By James McCusker
Hollywood moviemakers were the first data miners.
They saw us not only as ticket-buyers but also as plot and character sources. As a result, there are very few things in our American life that haven’t shown up in the movies in one way or another. They even made a movie about public opinion polls.
The plot of “Magic Town” begins with James Stewart trying to hold together his failing small business, which conducts opinion polls. He is desperate, of course, in a way that only James Stewart could be. And if this sounds to you like the beginning of “It’s a Wonderful Life,” you wouldn’t be wrong. Hollywood has always trusted in formulas.
This time, though, there’s no river, no bridge, and no Clarence the apprentice angel. There is a miraculous deliverance, though, which comes with the discovery of a small town, Grandview, which turns out to be a perfect statistical image of the country.
This was the El Dorado of the opinion poll industry. There would be no need for expensive, time-consuming multiple samples taken in different geographic regions; no worries about demographic differences, sampling errors or other pesky statistical issues. If you wanted to know which laundry soap was going to be popular, or which candidate would be our next president, you just asked the people of Grandview. They would be right every time.
Of course, the magic of the town depended on two things:
•Keeping Grandview unchanged;
Keeping Grandview a secret — from his competition and, as importantly, from the town’s residents themselves. If any of these conditions changed, any polls taken would be biased and inaccurate.
All of this was complicated by the Jane Wyman character, the beautiful monkey wrench in the works. She is a reformer who wants to change things in Grandview.
Stewart, Wyman and Grandview eventually work things out — it is a formula movie, after all — and everyone learns to live with opinion polls. Even in 1947, when this movie was made, it was clear that polls were here to stay. Unfortunately, so was statistical bias.
The current presidential campaign has probably set a record for news stories, analysis and commentary based on polling data. And in a polarized political environment, poll results, no matter what they show, make a lot of people unhappy.
People from the unhappy group often claim that the campaign polls are biased, and they are probably right. The polls are biased, although not necessarily in the way they supposed. The bias isn’t always political.
Some of the bias in polls originates in the “who is asked and who answers” problem. Virtually all polling today is done by statistical sampling, and it isn’t as easy as we might think to get an unbiased sample. America is an incredibly diverse country and selecting a sample that reflects this is somewhere between difficult and impossible. That’s why political polls tend to be more accurate at the state and local levels, where the dimensions of diversity are more manageable.

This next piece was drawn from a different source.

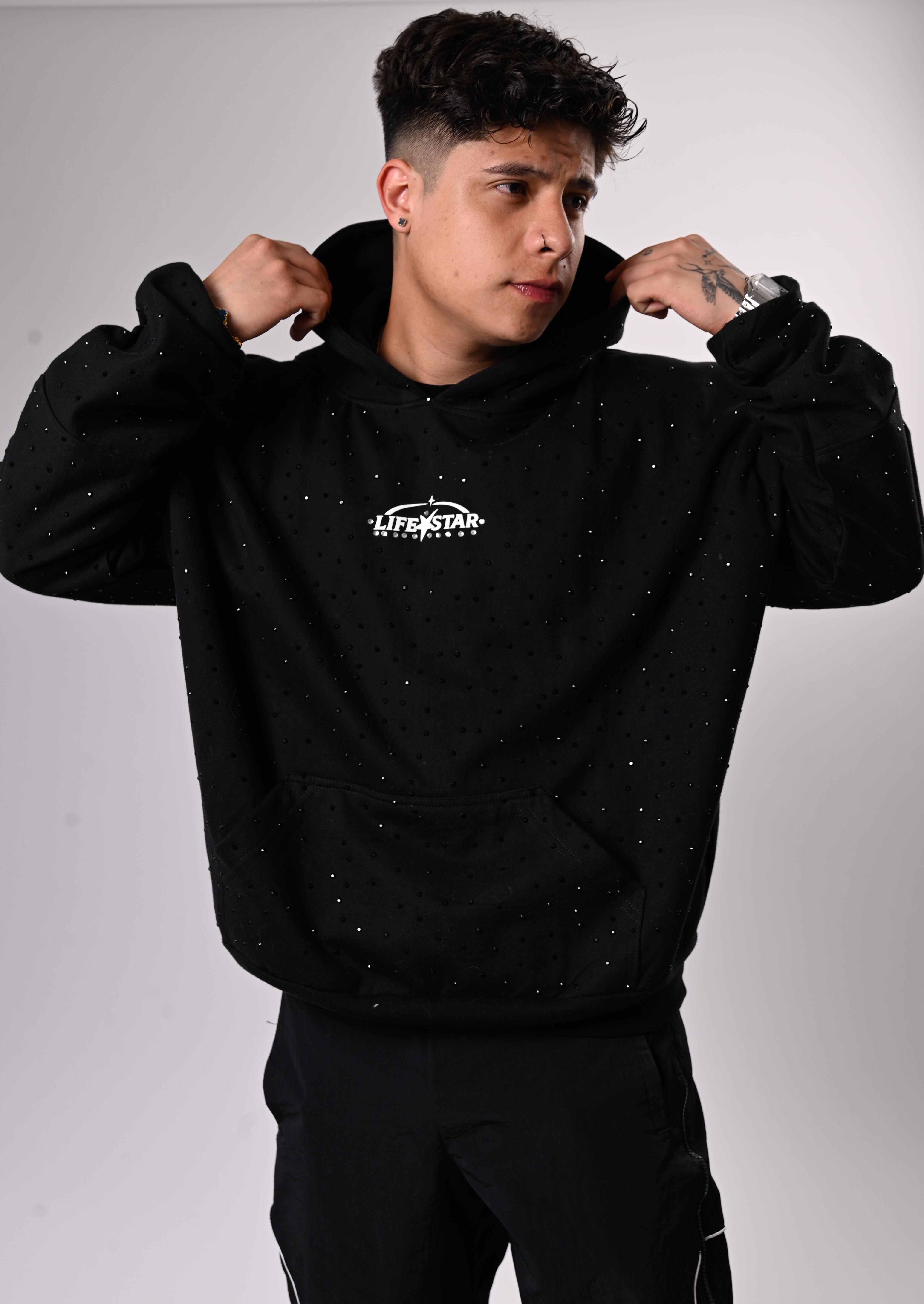 Sudadera "Sirio" negra con capucha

A significant source of bias in polls comes from the self-selection process. The people who are willing to share their opinions with a pollster are a dwindling minority. Most telephone calls made by poll takers are unanswered or result in hang-ups. Moreover, the people who actually answer do not always give truthful responses.
A recurrent source of bias in polls is the unreliable statistical model that is used to interpret the results. When a sample survey is taken, for example, pollsters use these models to estimate the likelihood that the individuals involved will actually vote, usually with inaccurate results.
Opinions of non-voters resemble what economists call “ineffective demand” — like my views on the latest Ferrari, for example — and it is often important for pollsters to set them aside in interpreting their survey results. The pollsters’ models are frequently based on historical voter turnout, though, which has turned out to be an unreliable predictor.
The math behind polling statistics is based on random, unbiased samples, and the validity of using the same math on biased samples is questionable at best.
Are the polls of any use at all, then? And the answer is: yes, kind of.
On balance, they are probably more valuable to candidates than they are to the public because political polls tend to be more accurate on issues than on choices of candidates. Candidates are constantly reshaping their campaigns in response to issue polling data and this can be very effective.
For the rest of us, though, we wouldn’t be too far wrong if we ignore the claims of scientific accuracy and view national political polling data in the same way we might read a long-range weather forecast or a horoscope: interesting but not necessarily accurate.
James McCusker is a Bothell economist, educator and consultant. He also writes a monthly column for the Herald Business Journal.